Only the lines below from the one containing "CASPI - Oval Magnet" through the one containing "OmniGlow Wireless Motion Sensor Night Light" belong in the answer, repeated exactly and without pictures.

INFORMATION PROVIDED:
=== Begin Enclosure ===

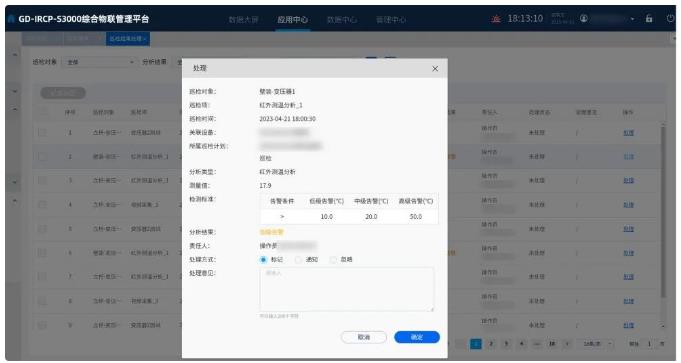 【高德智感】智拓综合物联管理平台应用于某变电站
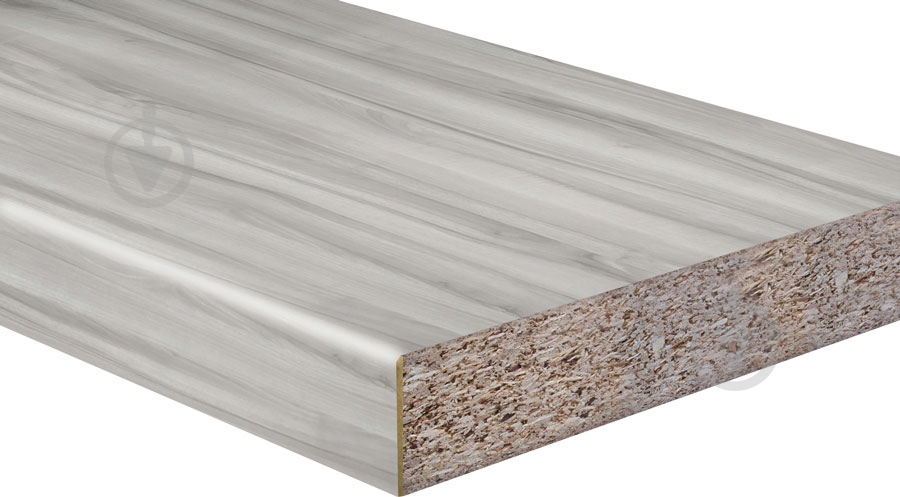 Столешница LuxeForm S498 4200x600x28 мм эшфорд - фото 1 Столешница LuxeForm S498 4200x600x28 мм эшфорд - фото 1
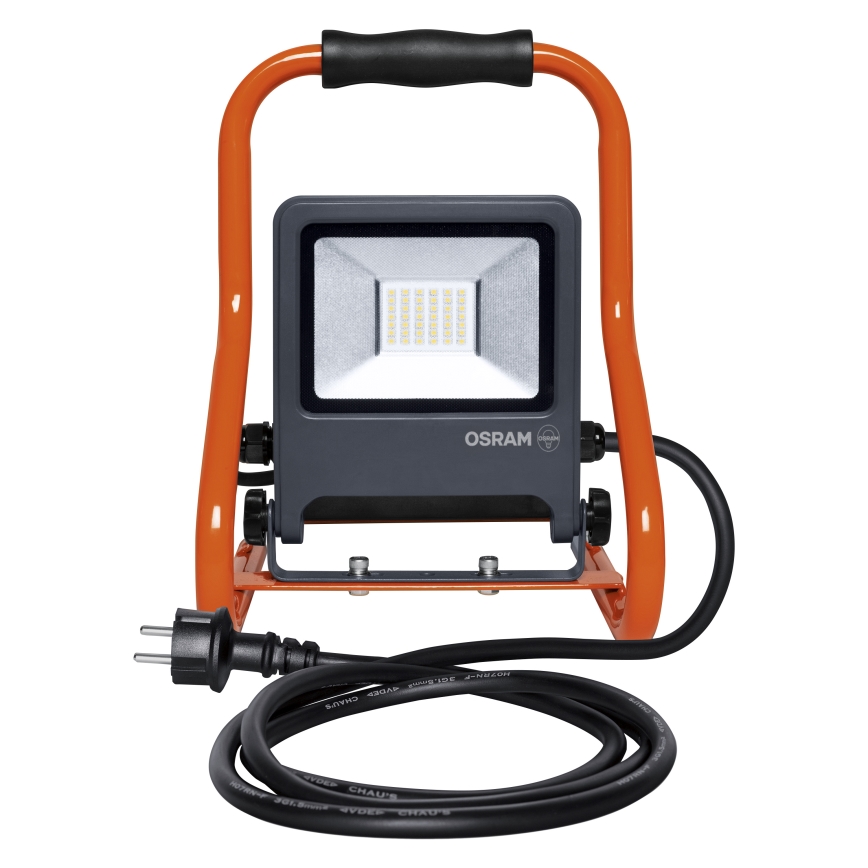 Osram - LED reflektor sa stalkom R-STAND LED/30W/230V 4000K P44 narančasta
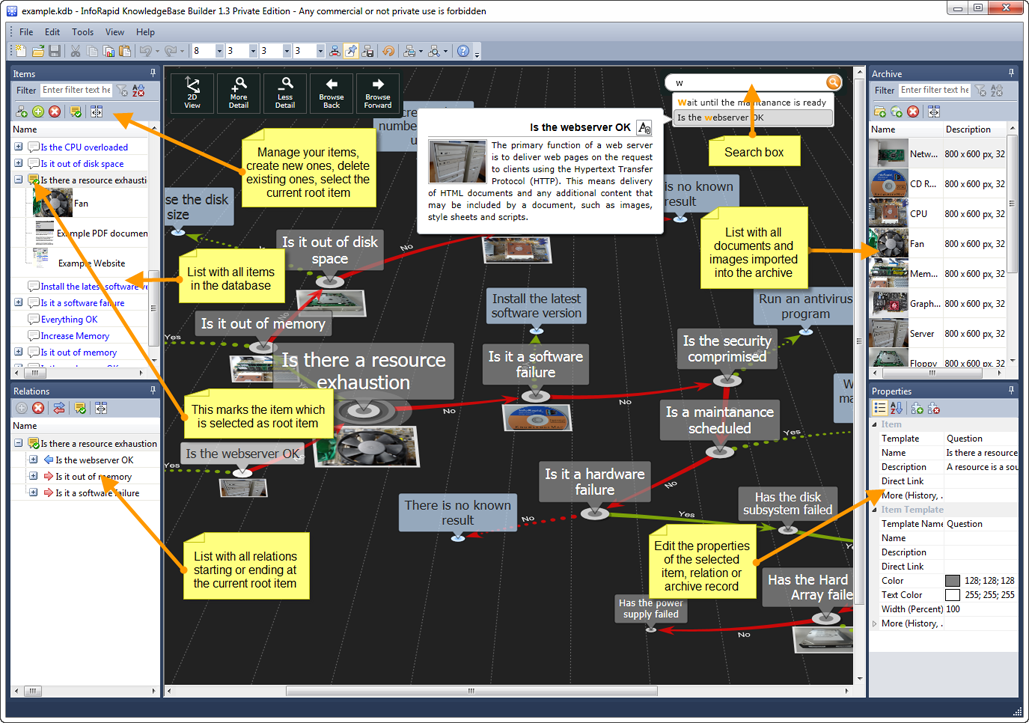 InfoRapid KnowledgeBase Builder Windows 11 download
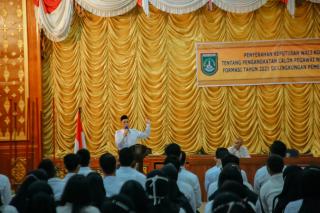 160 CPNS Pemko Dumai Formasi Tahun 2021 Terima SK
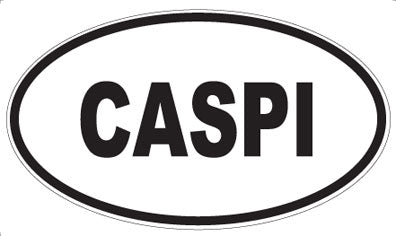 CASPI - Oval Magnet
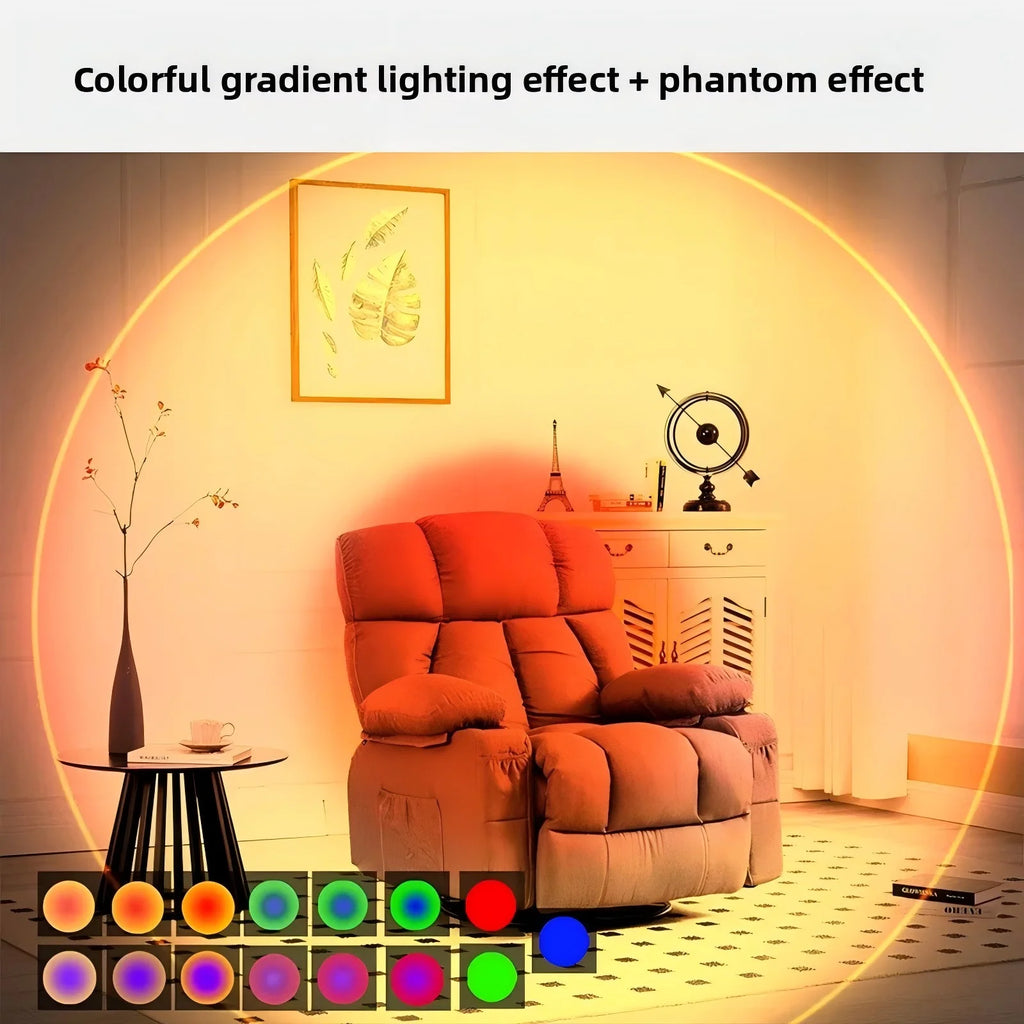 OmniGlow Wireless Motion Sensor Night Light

=== End Enclosure ===
=== Begin Enclosure ===

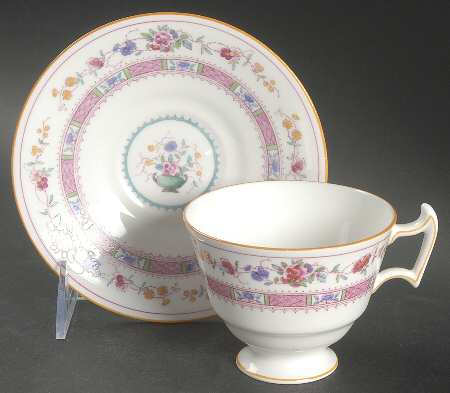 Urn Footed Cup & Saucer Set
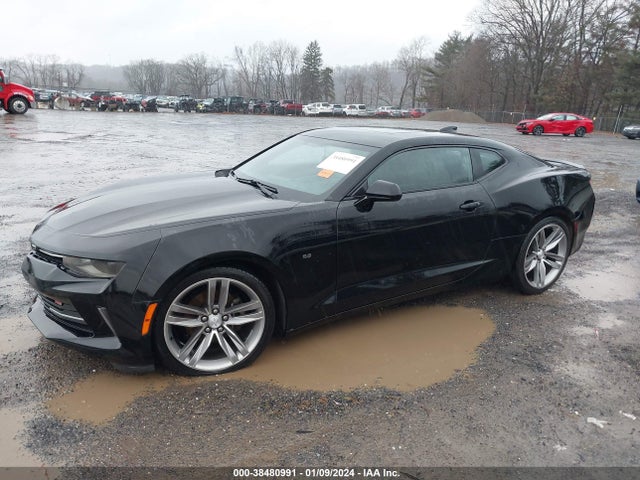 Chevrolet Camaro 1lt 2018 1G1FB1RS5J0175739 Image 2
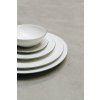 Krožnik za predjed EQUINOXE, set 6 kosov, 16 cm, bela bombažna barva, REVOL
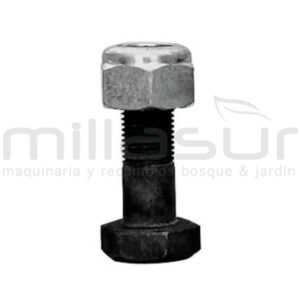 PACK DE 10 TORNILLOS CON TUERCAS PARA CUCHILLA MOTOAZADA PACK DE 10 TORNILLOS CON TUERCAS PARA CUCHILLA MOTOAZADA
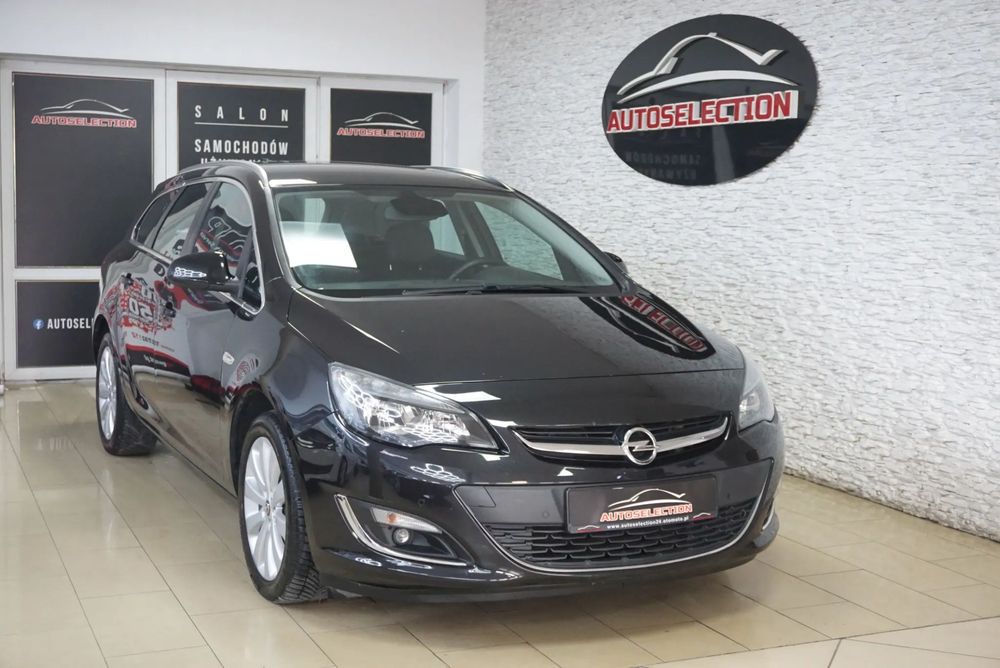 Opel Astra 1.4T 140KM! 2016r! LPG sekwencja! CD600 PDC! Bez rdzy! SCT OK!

=== End Enclosure ===
=== Begin Enclosure ===

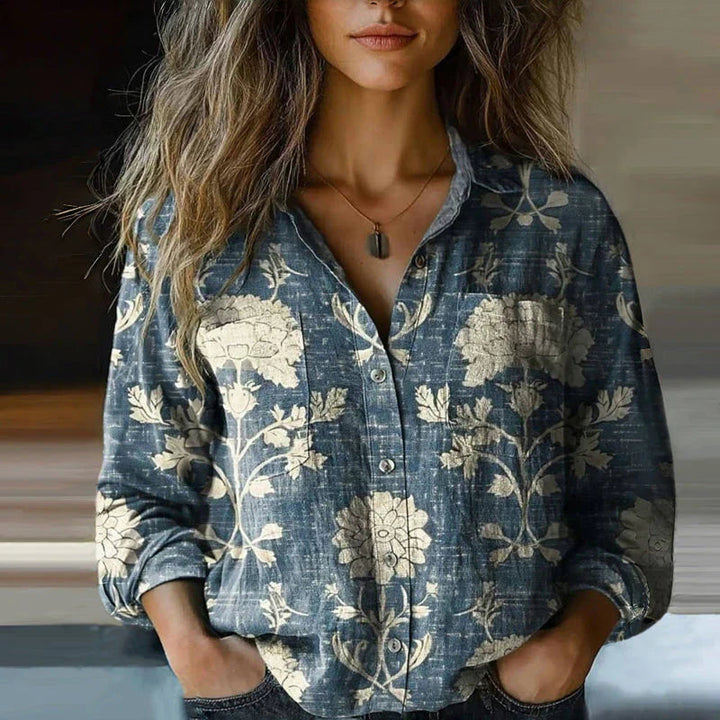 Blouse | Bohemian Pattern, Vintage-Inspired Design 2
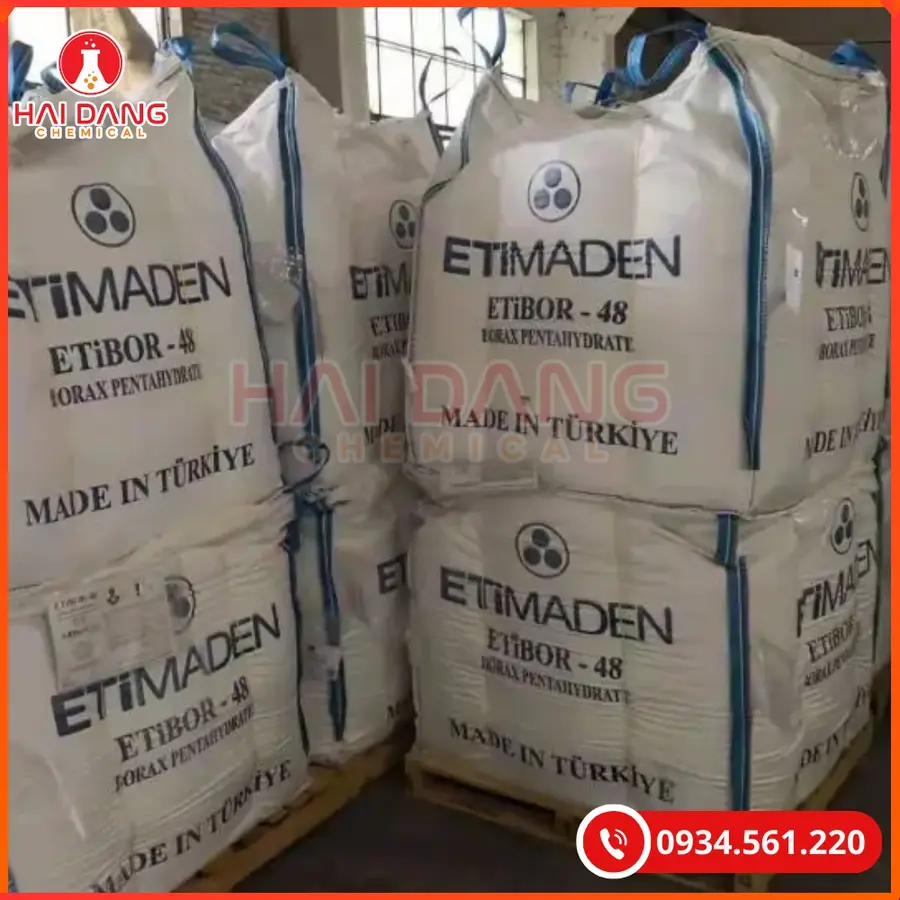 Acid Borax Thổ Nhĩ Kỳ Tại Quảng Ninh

=== End Enclosure ===

COMPLETED TASK:
 CASPI - Oval Magnet
 OmniGlow Wireless Motion Sensor Night Light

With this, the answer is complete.